**Exercise objective**
Word for word, reproduce the listing that follows, excluding any pictures it contains.

**Given information**
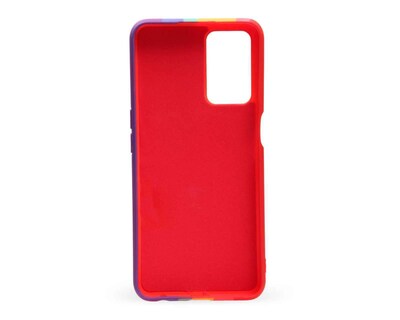 Foto 2 | Funda Blob para Oppo A16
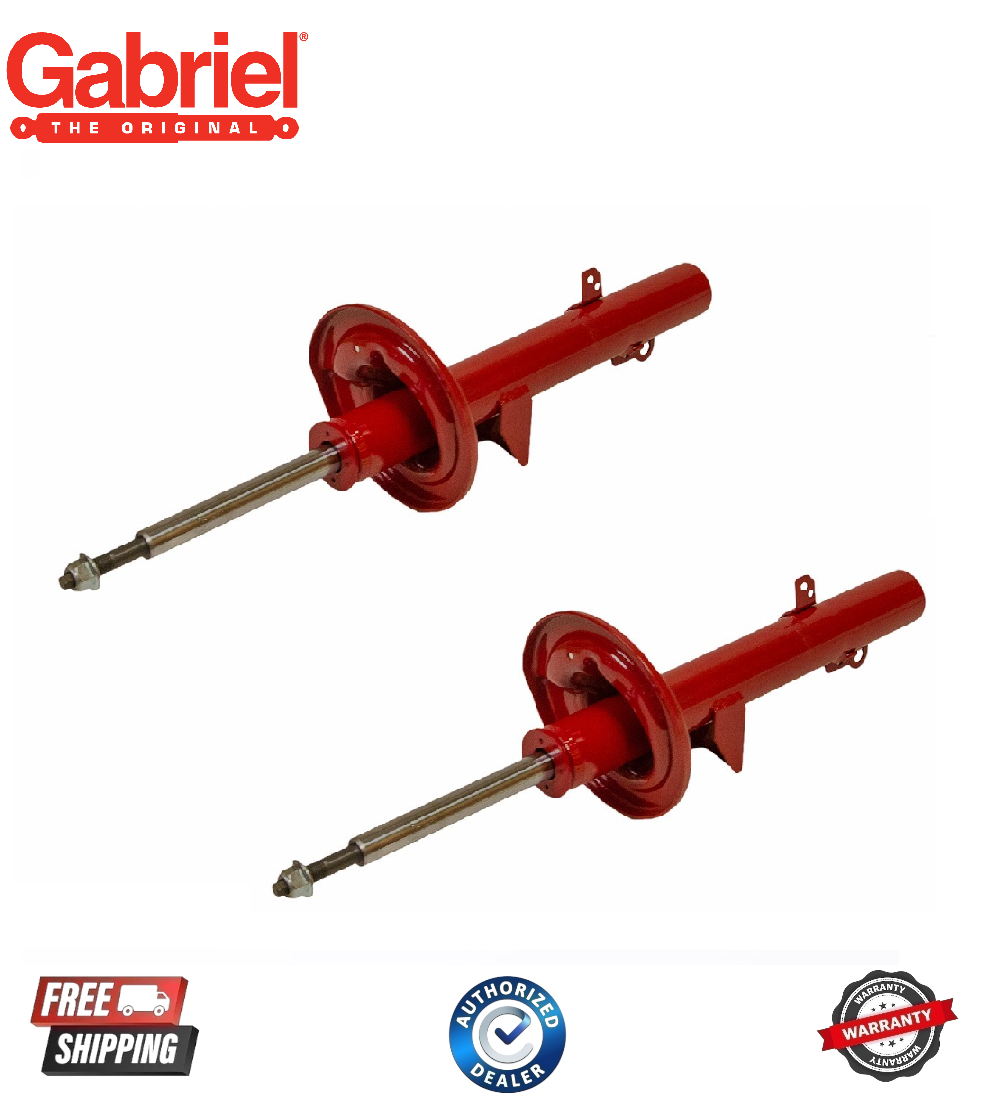 Rear Struts for 1994-2007 Ford Taurus & 1994-2005 Mercury Sable GABRIEL (pair)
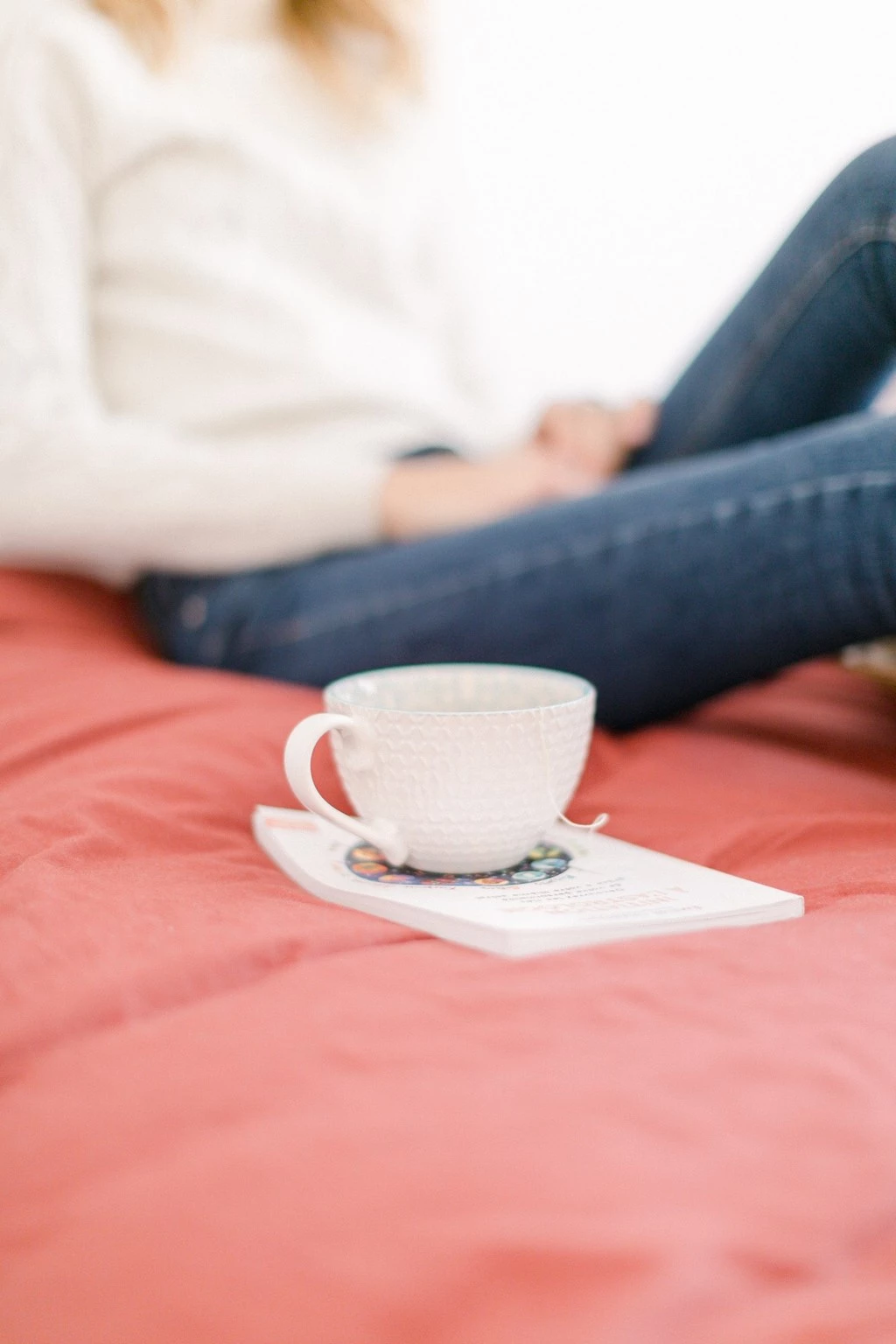 Candice - A l'image des mots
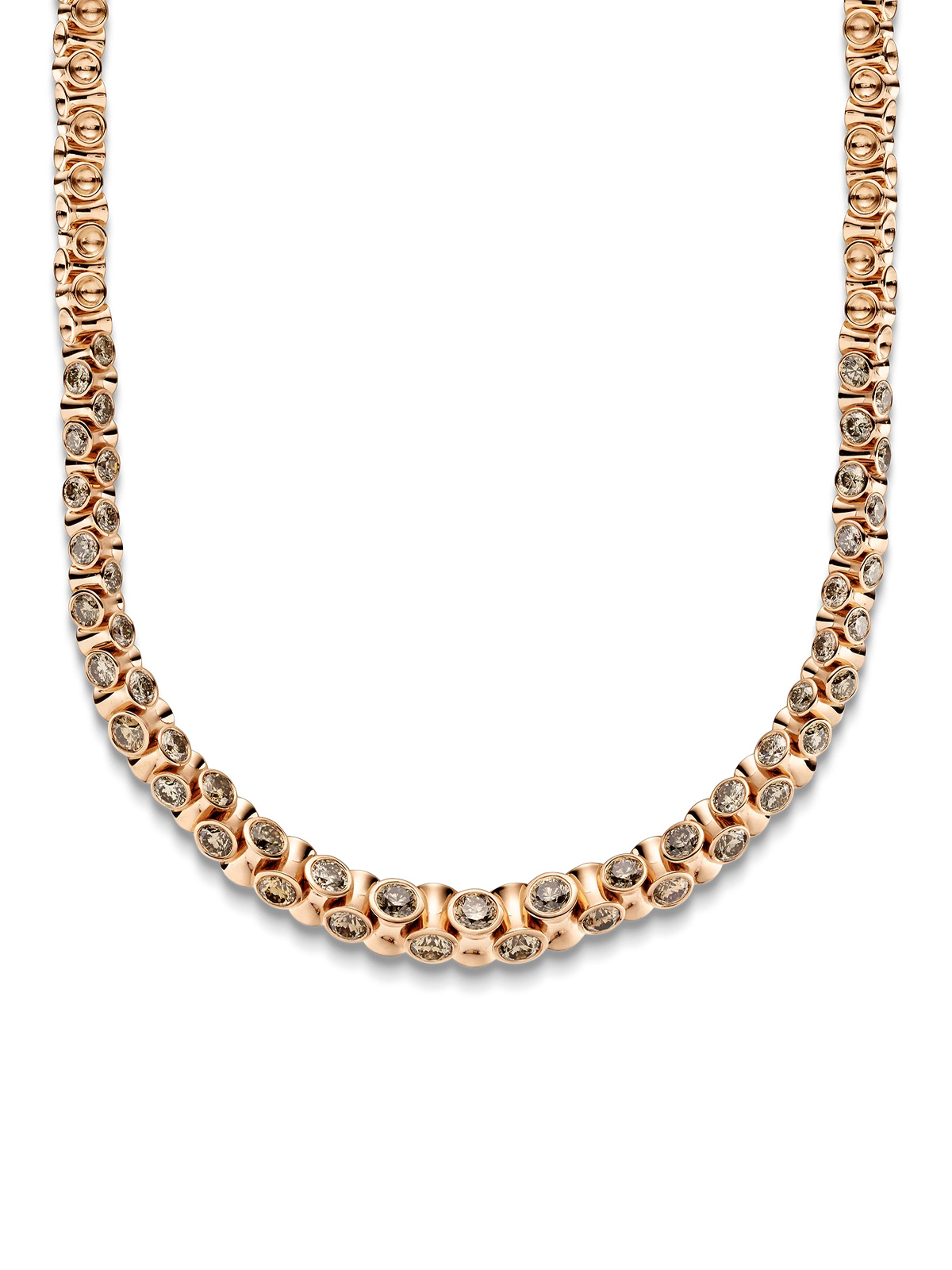 Candlelight Le Tonneau Collier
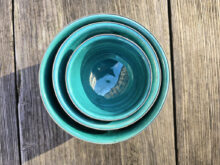 céramique "bol" beldi M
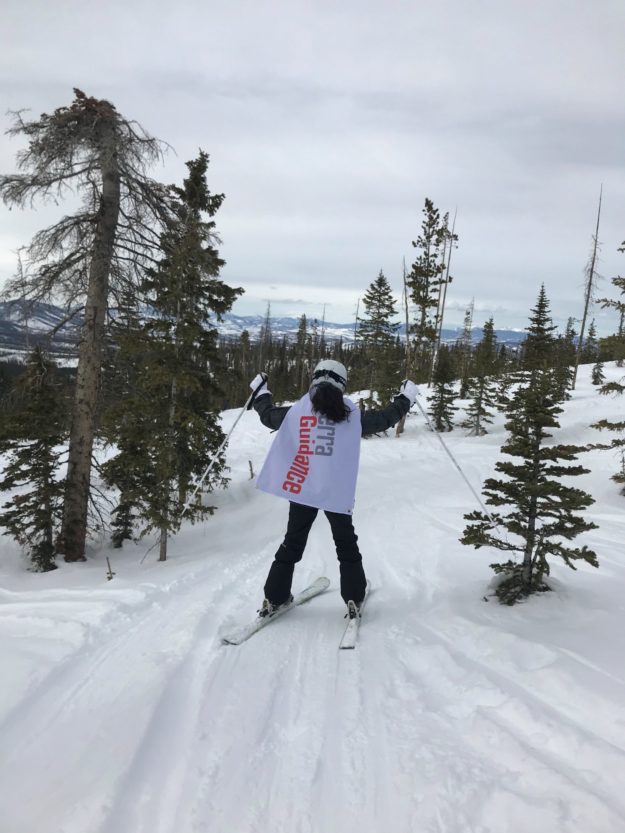 TG has your back Terra Guidance has your back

**Response**
 Foto 2 | Funda Blob para Oppo A16
 Rear Struts for 1994-2007 Ford Taurus & 1994-2005 Mercury Sable GABRIEL (pair)
 Candice - A l'image des mots
 Candlelight Le Tonneau Collier
 céramique "bol" beldi M
 TG has your back Terra Guidance has your back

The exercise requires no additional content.